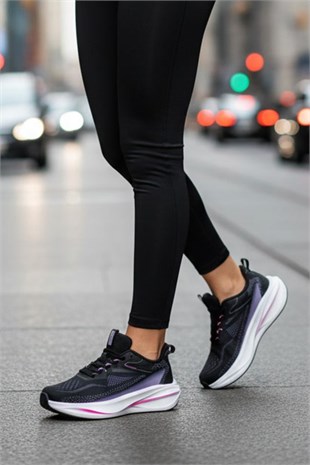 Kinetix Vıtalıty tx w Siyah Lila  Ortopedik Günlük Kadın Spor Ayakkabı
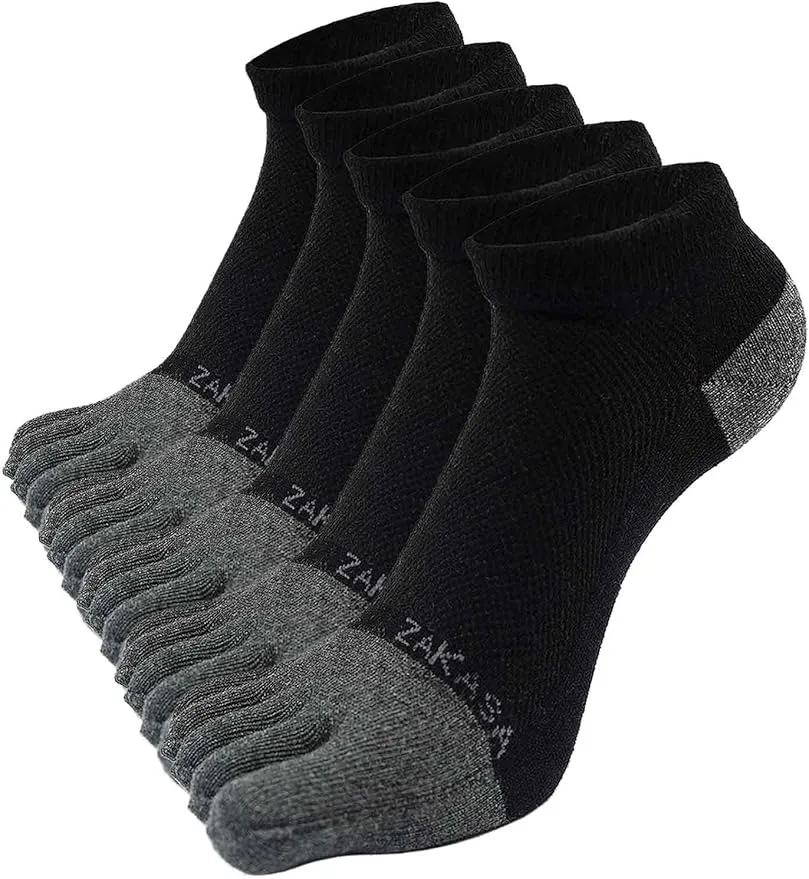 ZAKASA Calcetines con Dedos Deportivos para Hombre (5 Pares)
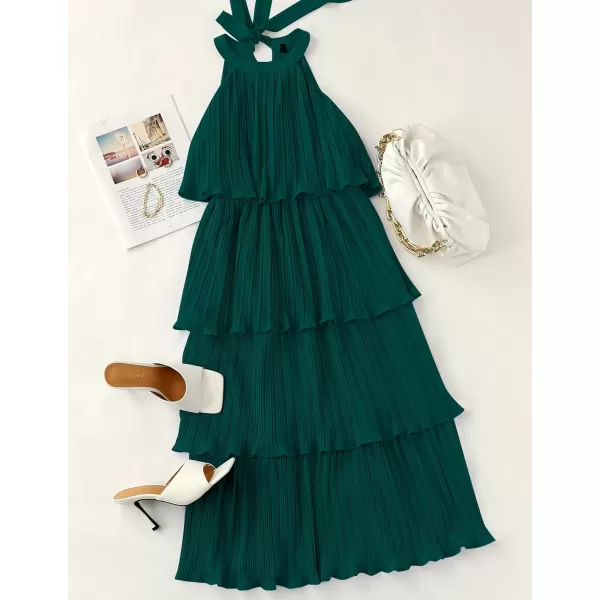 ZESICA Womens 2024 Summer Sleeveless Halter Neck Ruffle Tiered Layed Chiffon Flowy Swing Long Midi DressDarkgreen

==

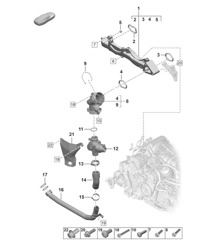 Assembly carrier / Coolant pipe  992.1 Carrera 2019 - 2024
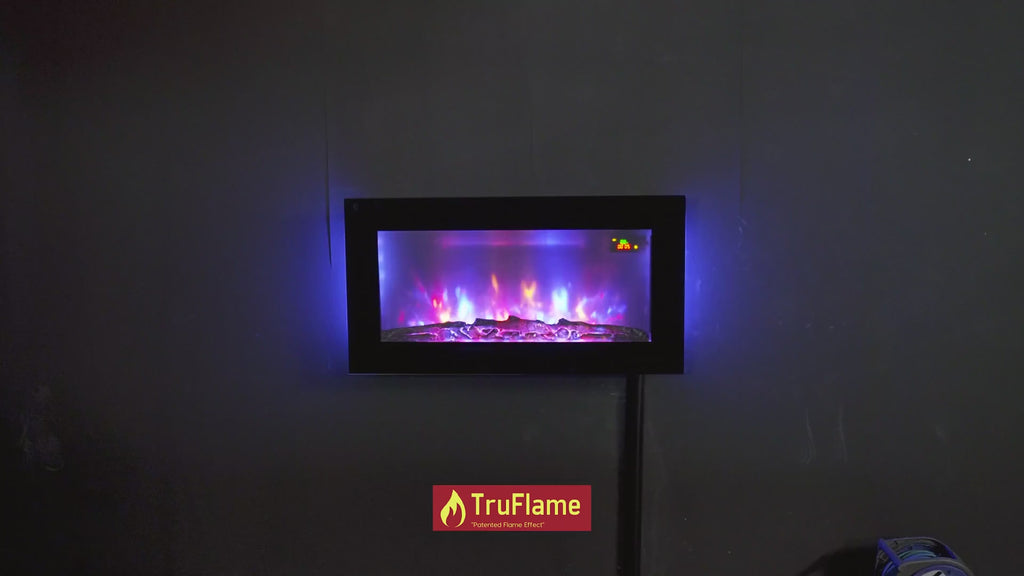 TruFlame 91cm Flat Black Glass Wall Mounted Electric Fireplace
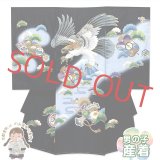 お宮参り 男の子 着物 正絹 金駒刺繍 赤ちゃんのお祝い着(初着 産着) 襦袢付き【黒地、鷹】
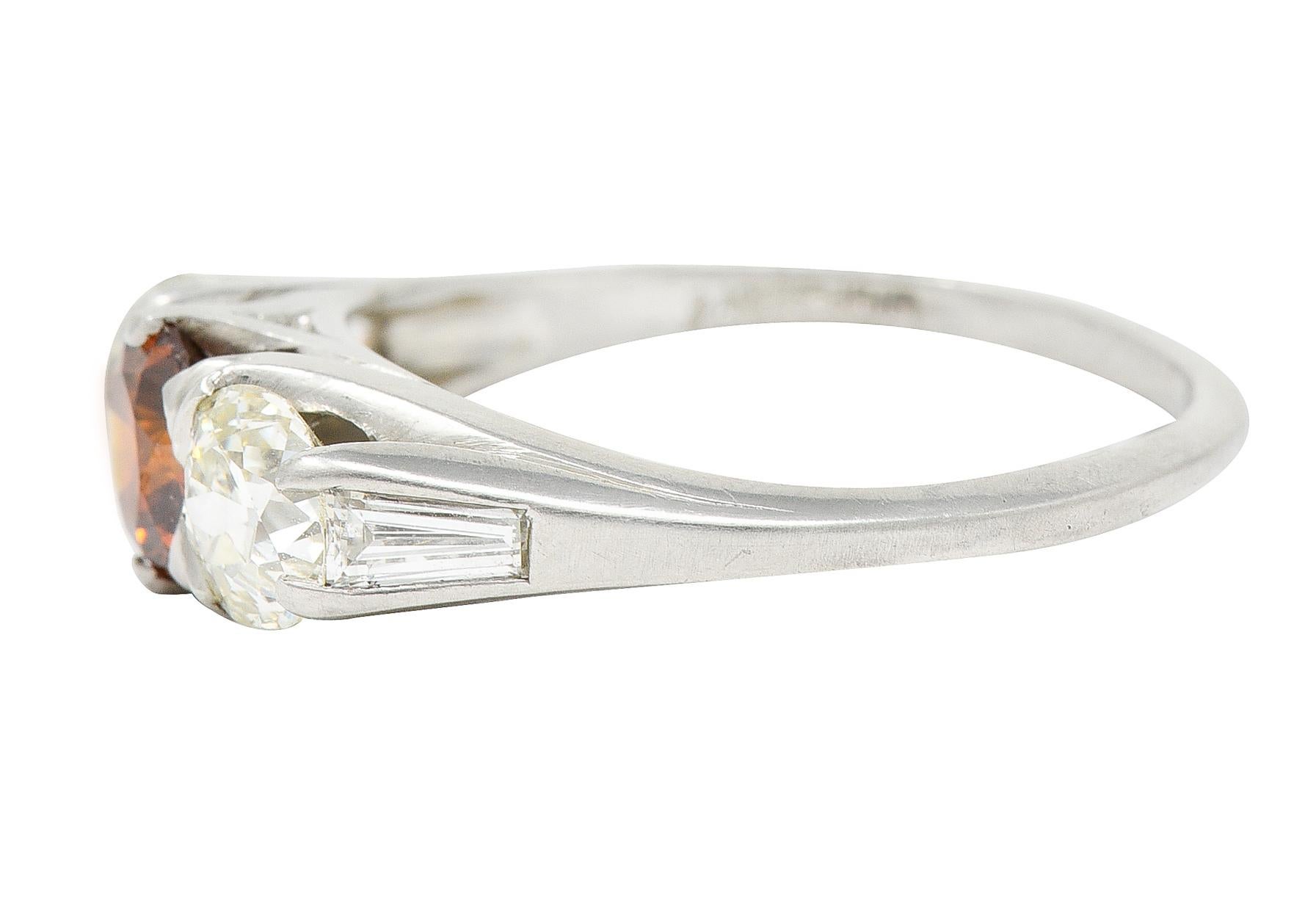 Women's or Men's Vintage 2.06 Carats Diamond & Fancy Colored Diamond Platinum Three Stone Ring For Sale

---

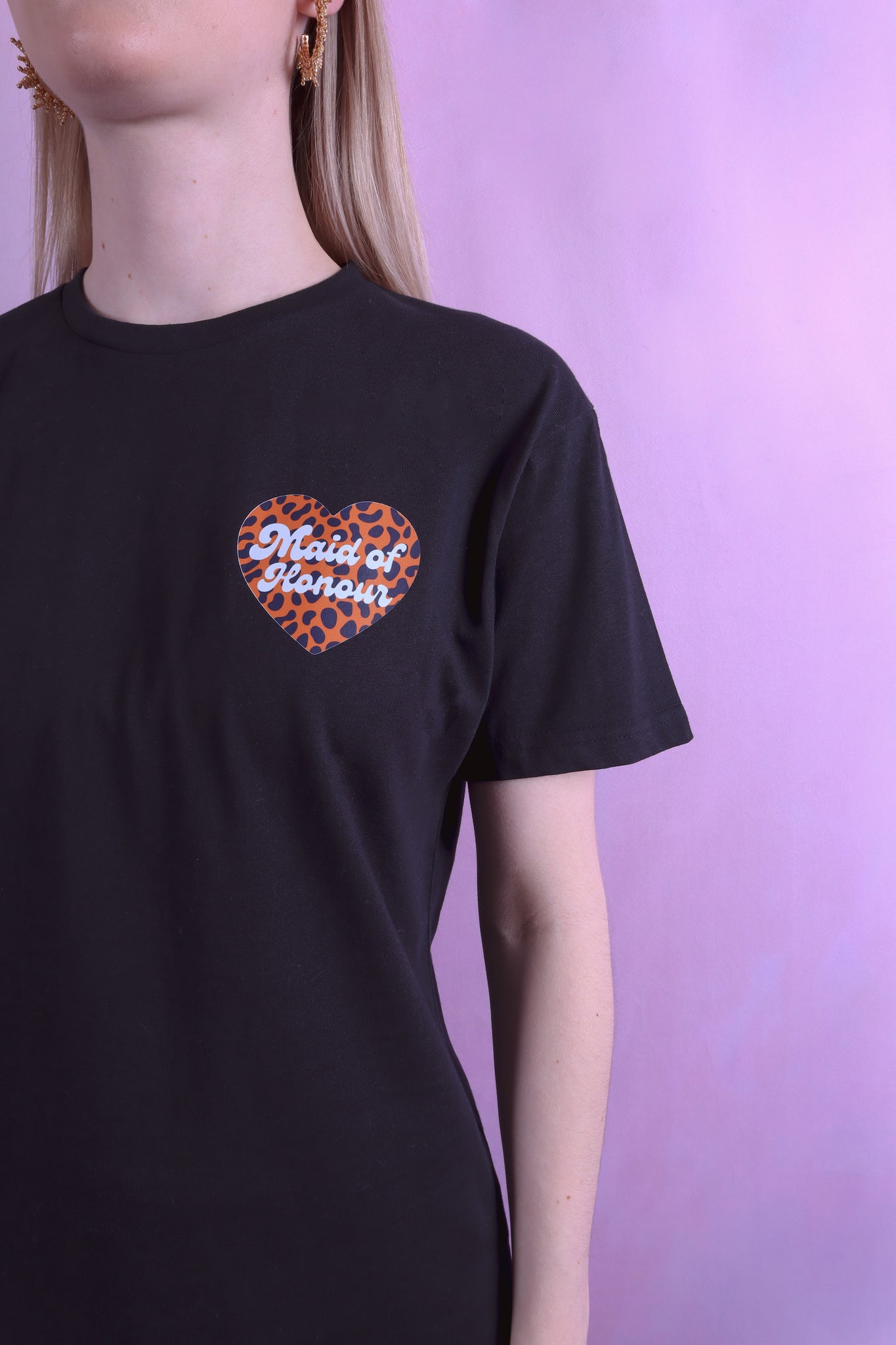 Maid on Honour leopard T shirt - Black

* [Problem to solve] Out of the records above, set down only the lines from the one that contains "お宮参り 男の子 着物" through the one that contains "Women's or Men's", unchanged and without the pictures.

* [Task answer]
 お宮参り 男の子 着物 正絹 金駒刺繍 赤ちゃんのお祝い着(初着 産着) 襦袢付き【黒地、鷹】
 Women's or Men's Vintage 2.06 Carats Diamond & Fancy Colored Diamond Platinum Three Stone Ring For Sale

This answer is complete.